▶ [TASK OBJECTIVE] Output only the lines that run from the line holding "4-TEILIGES KESSELWAGENSET HENKEL" to the end of the entries, both ends included, and skip the pictures.

[THE RECORDS — start]

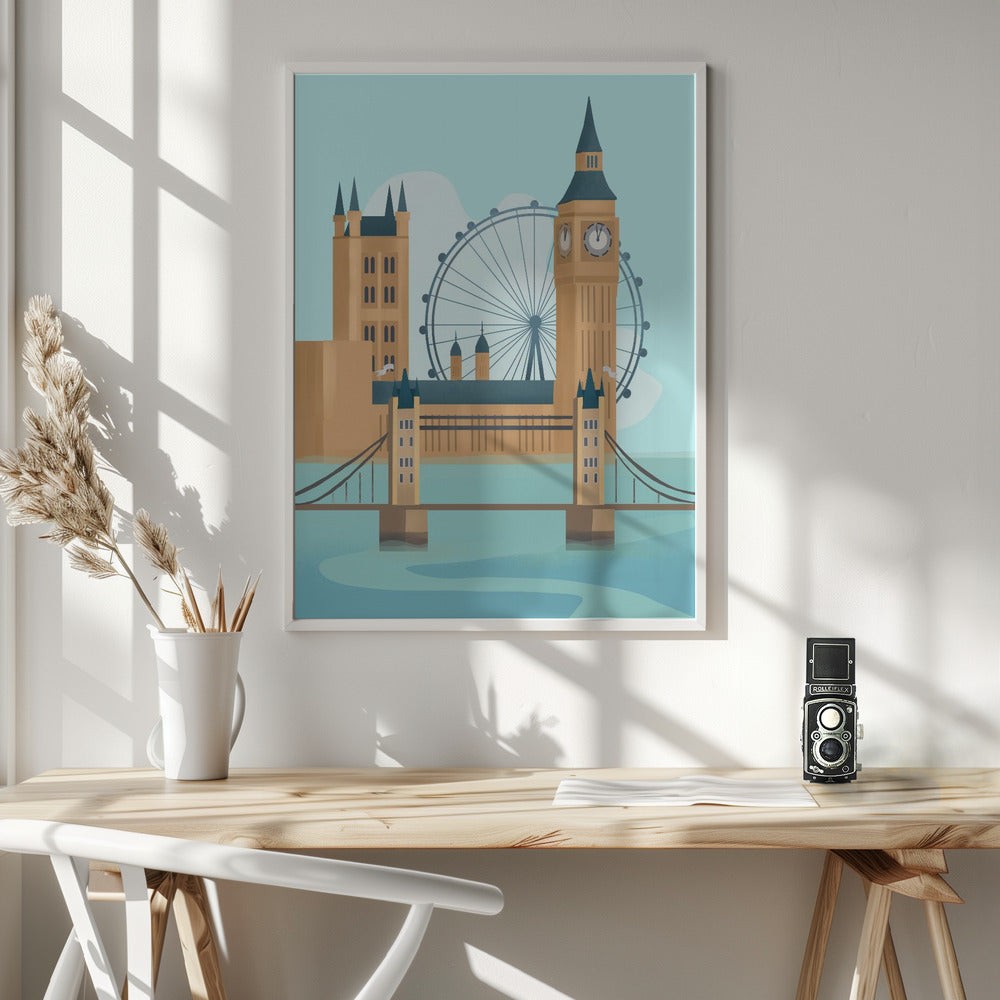 London (2) - Poster / Art Print - interiör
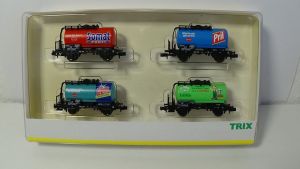 4-TEILIGES KESSELWAGENSET HENKEL , 2x SCHADWAGEN!!!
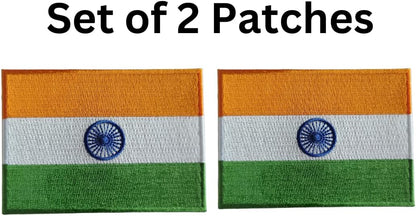 India Flag 2-Pack Iron-On Patch Set embroidered patch by Mr Patches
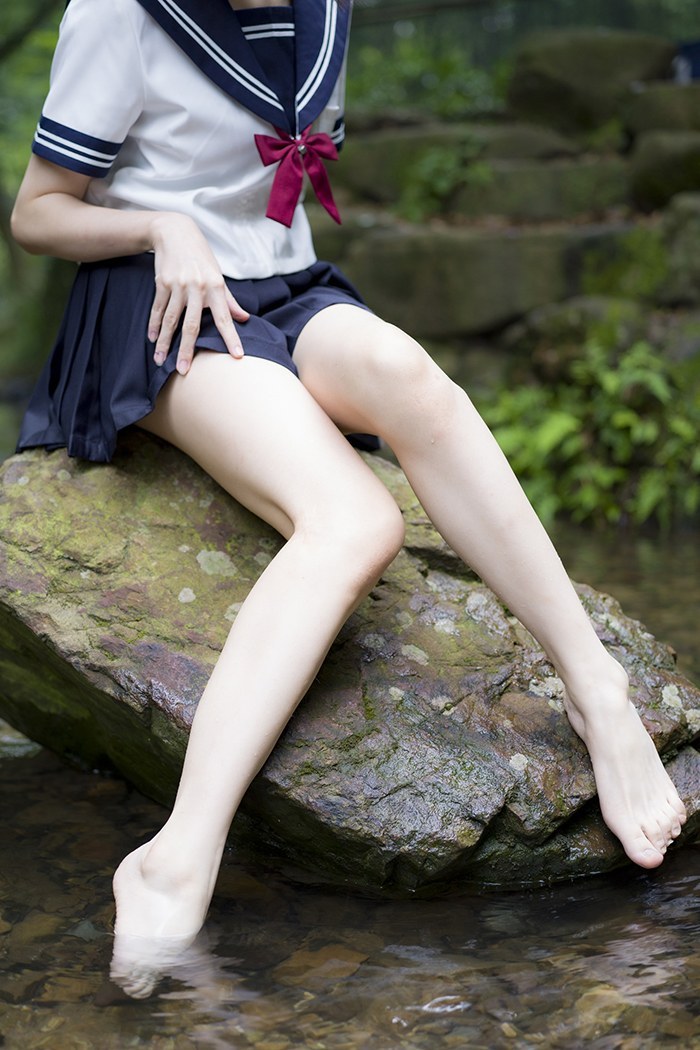 激萌学生妹魔物喵黑丝制服野外露出(图38)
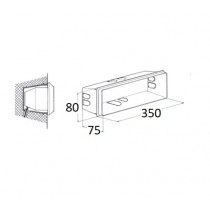 Cassaforma per incasso a parete Segnapasso da esterno NEW GREEN XL SIDE 320000 Misure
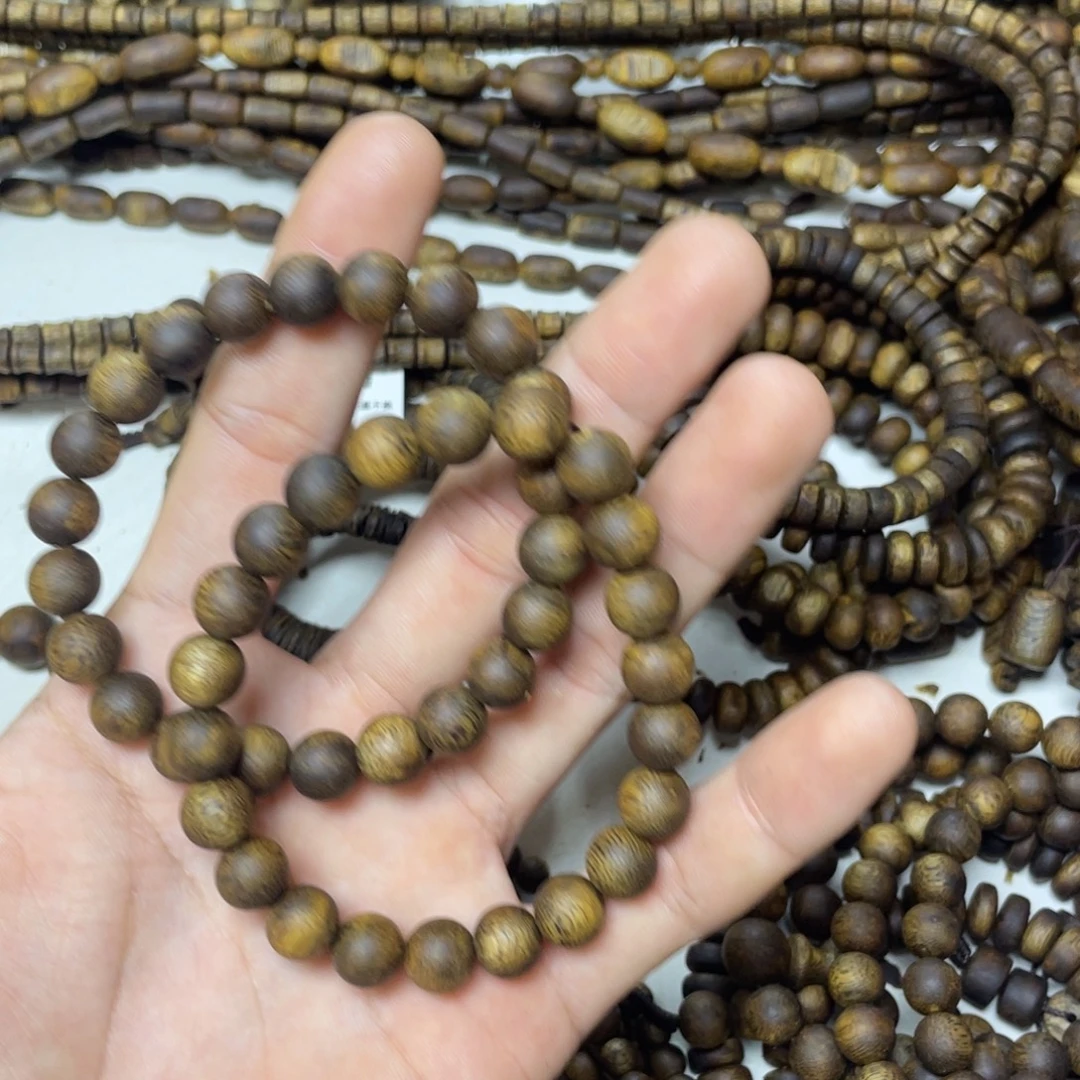 沉香沉香碎屑+0.9两圈圆珠6克加多样性发一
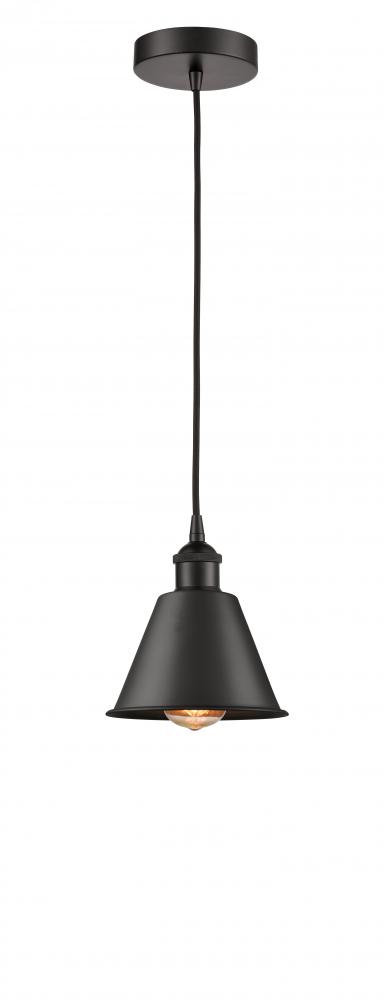 Smithfield - 1 Light - 7 inch - Oil Rubbed Bronze - Cord hung - Mini Pendant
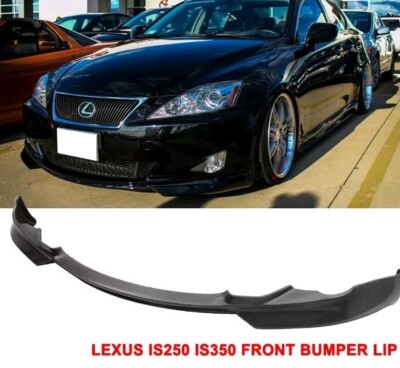 V Style Front Bumper Lip Splitter For 2009-2010 Lexus IS250 IS350 - Unpainted PU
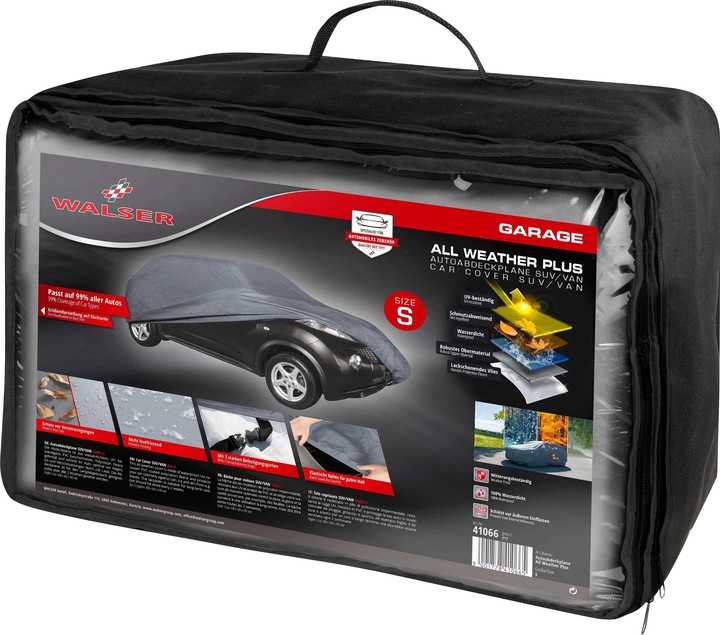 Image du produit Walser Autoplane All Weather Plus, bâche pour voiture SUV taillee S grise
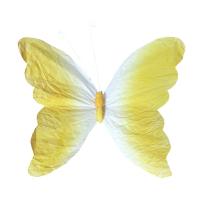 Mariposa de papel Artificial 3D, 30cm, decoración de boda a gran escala, escaparate, forma de mariposa, accesorios de fotografía, tema de niña - details 3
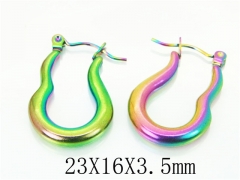 HY Wholesale Earrings 316L Stainless Steel Fashion Jewelry Earrings-HY70E0609LW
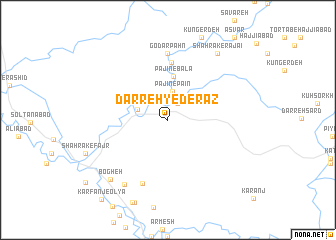 map of Darreh-ye Derāz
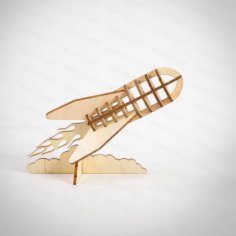 Laser Cut Little Rocket DXF File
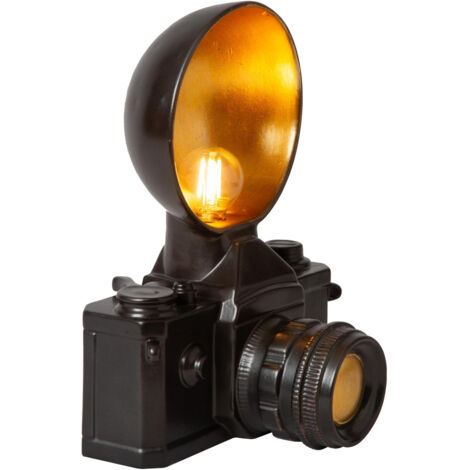 Lucide EXTRAVAGANZA CAMERA - Table lamp - 1xE14 - Black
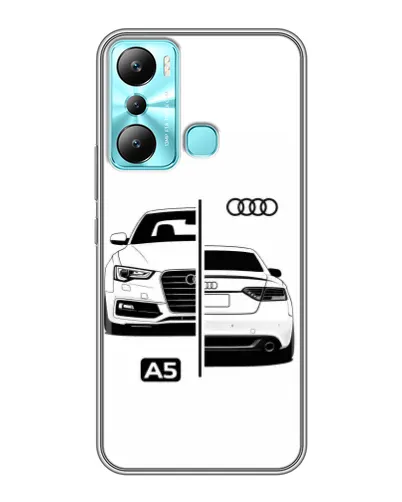 Чехол для Infinix Hot 20i (X665E) с картинкой «Audi — контрастный дизайн» Чехол для Infinix Hot 20i (X665E) с картинкой «Audi — контрастный дизайн»
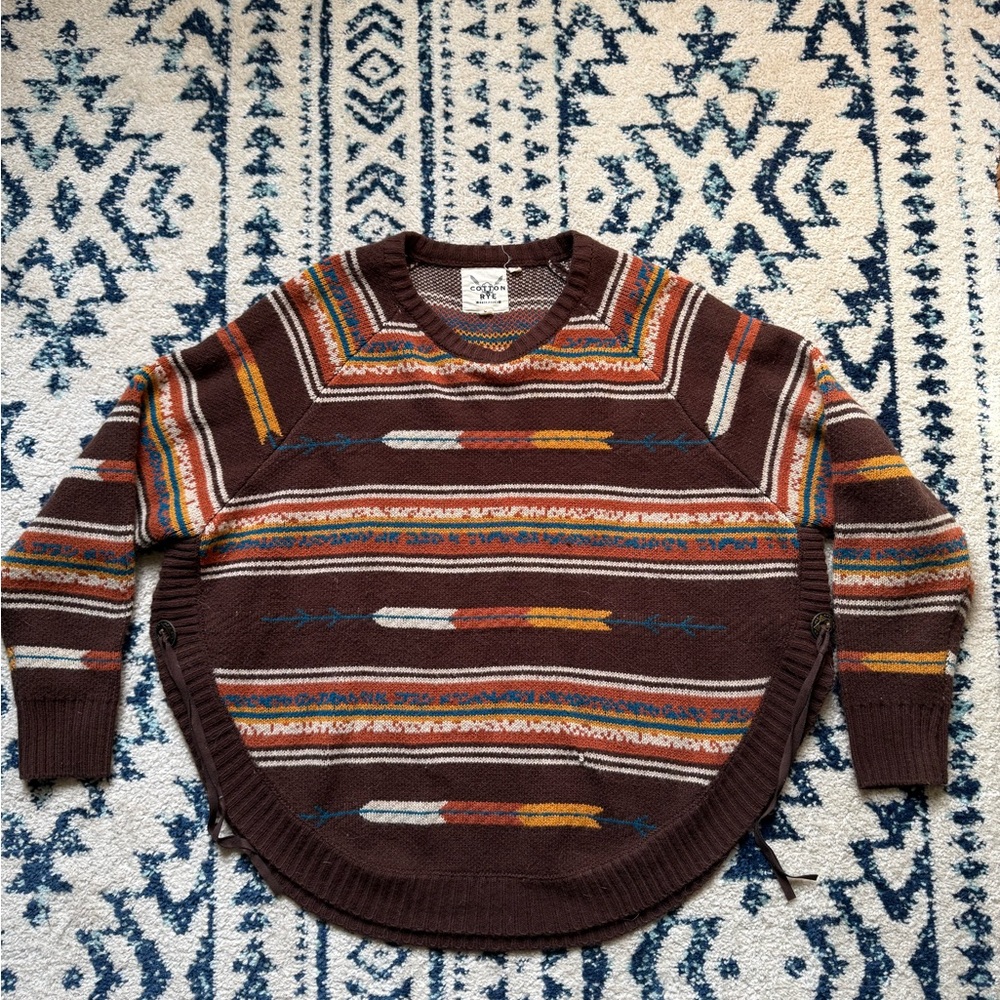 Cotton&Rye outfitters Colorful Striped Sweater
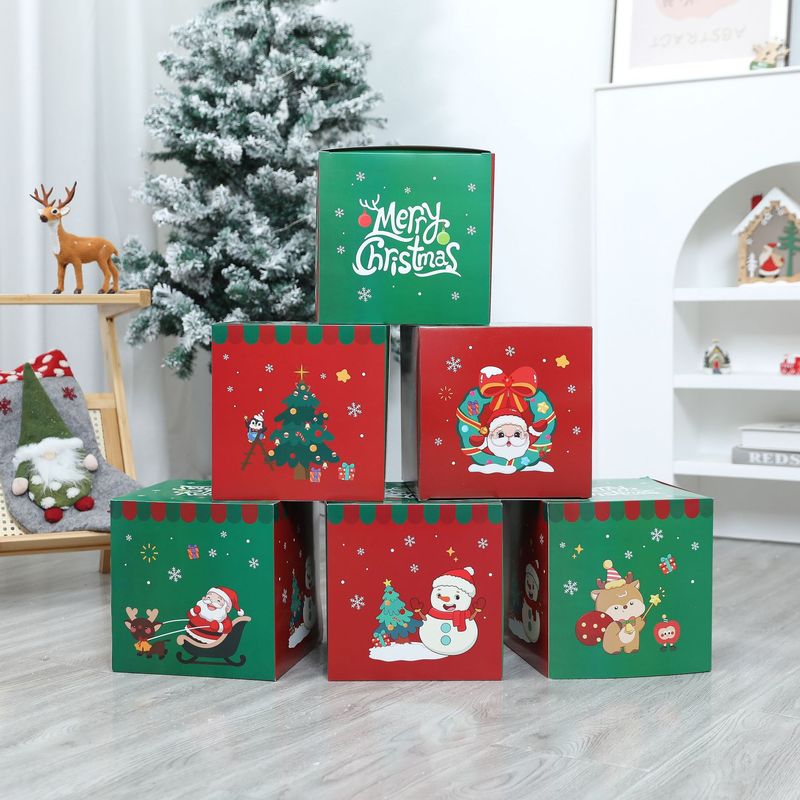 クリスマス装飾品クリスマス積み上げギフトボックスデパートスーパーのショーウインドー装飾雰囲気配置紙ギフトボックス|undefined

[THE RECORDS — finish]

▶ [RESPONSE TO THE EXERCISE]
 4-TEILIGES KESSELWAGENSET HENKEL , 2x SCHADWAGEN!!!
 India Flag 2-Pack Iron-On Patch Set embroidered patch by Mr Patches
 激萌学生妹魔物喵黑丝制服野外露出(图38)
 Cassaforma per incasso a parete Segnapasso da esterno NEW GREEN XL SIDE 320000 Misure
 沉香沉香碎屑+0.9两圈圆珠6克加多样性发一
 Smithfield - 1 Light - 7 inch - Oil Rubbed Bronze - Cord hung - Mini Pendant
 V Style Front Bumper Lip Splitter For 2009-2010 Lexus IS250 IS350 - Unpainted PU
 Image du produit Walser Autoplane All Weather Plus, bâche pour voiture SUV taillee S grise
 Mariposa de papel Artificial 3D, 30cm, decoración de boda a gran escala, escaparate, forma de mariposa, accesorios de fotografía, tema de niña - details 3
 HY Wholesale Earrings 316L Stainless Steel Fashion Jewelry Earrings-HY70E0609LW
 map of Darreh-ye Derāz
 Laser Cut Little Rocket DXF File
 Lucide EXTRAVAGANZA CAMERA - Table lamp - 1xE14 - Black
 Чехол для Infinix Hot 20i (X665E) с картинкой «Audi — контрастный дизайн» Чехол для Infinix Hot 20i (X665E) с картинкой «Audi — контрастный дизайн»
 Cotton&Rye outfitters Colorful Striped Sweater
 クリスマス装飾品クリスマス積み上げギフトボックスデパートスーパーのショーウインドー装飾雰囲気配置紙ギフトボックス|undefined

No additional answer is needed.